Hour Four, 8:00 p.m. – 9:00 p.m.
As the rush quiets down, Yash has me practice my sauce drizzles. He slides a DoorDash order in front of me. I compress the squirt bottle too fast and splooge barbeque sauce across the side of the dish and onto the metal counter. He wipes it up, then gives me a bottle filled with water and tells me to work on my sauce technique for efficiency.
In the quiet repetition of the grab-and-squeeze, facing the back wall, I imagine a series of characters whom I would hate to be seen by in here. Any failed texting stage could enter Shah’s silently and encounter the back of my head in a hairnet. I wonder if I make the hairball work in my favor.
Hour Five, 9:00 p.m. – 10:00 p.m.
Yash and another worker clean the buffet warmers to get ahead of closing. They shoo me out of the way by telling me I can have a break and take some food, too. I make myself a courteous platter and take it to the break room in the basement.
The Return Home, 10:00 p.m. – 2:00 a.m.
Yash lets me go at 10:00 p.m. I come home to the cheers of my suitemates, since I’m finally making money without selling my body to Yale’s psychiatric studies. But their celebration deflates into harmonized groans. A ferocious waft of onion and garlic has followed me into my suite. My suitemates delicately tell me that I stink. I reach my limit, and shriek and jump with a double-footed hop, shoving my jeans to my ankles while in midair. Pacing and removing articles of clothing, my fear spills out of my mouth: I can’t smell this bad all the time, the $17.60 is not worth it. At Yale we’re told constantly that we are the best and the brightest and are doing important things with our time, such as not drawing daisies behind the counter of Shah’s Halal. I’m struggling to reckon with the reality of where I am: A student on this campus is probably coding software for the supply chain that keeps places like Shah’s well stocked—and I’m stocking the shelves. My ego suffers.

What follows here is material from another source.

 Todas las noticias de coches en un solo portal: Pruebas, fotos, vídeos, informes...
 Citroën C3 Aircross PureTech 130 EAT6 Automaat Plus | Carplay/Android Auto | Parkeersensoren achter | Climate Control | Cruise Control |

I ask my suitemates what I should do. They say I should stay at the job, for now, until I get a new one. I ask them how strong the smell is. It’s pungent. So is the anxiety—I’m supposed to come in tomorrow for another shift. Yash was going to teach me how to roll the gyros. I really thought my ego could absorb this job with a bit of humor, but all I can sense, pantless, is that I’m ashamed. My phone smells like food. My hair smells like food. My socks, my shoes, my bra smells like food. I throw everything in the laundry bin and trudge to the bathroom for an ahead-of-schedule, twice-in-two-days everything shower.
Four hours later, with all the lights out and nestled into our respective beds in our shared room, my roommate and I cry with belly-heaving laughter at the absurdity of my situation. I’m clean and being cuddled by my unscented duvet, a transcendent state of existence soon to be ruined by a day of gyro rolling. I stare at the ceiling and recite my mantra: I can’t go back. I can’t go back. At 2:00 a.m. I make the final, liberating, decision: I quit!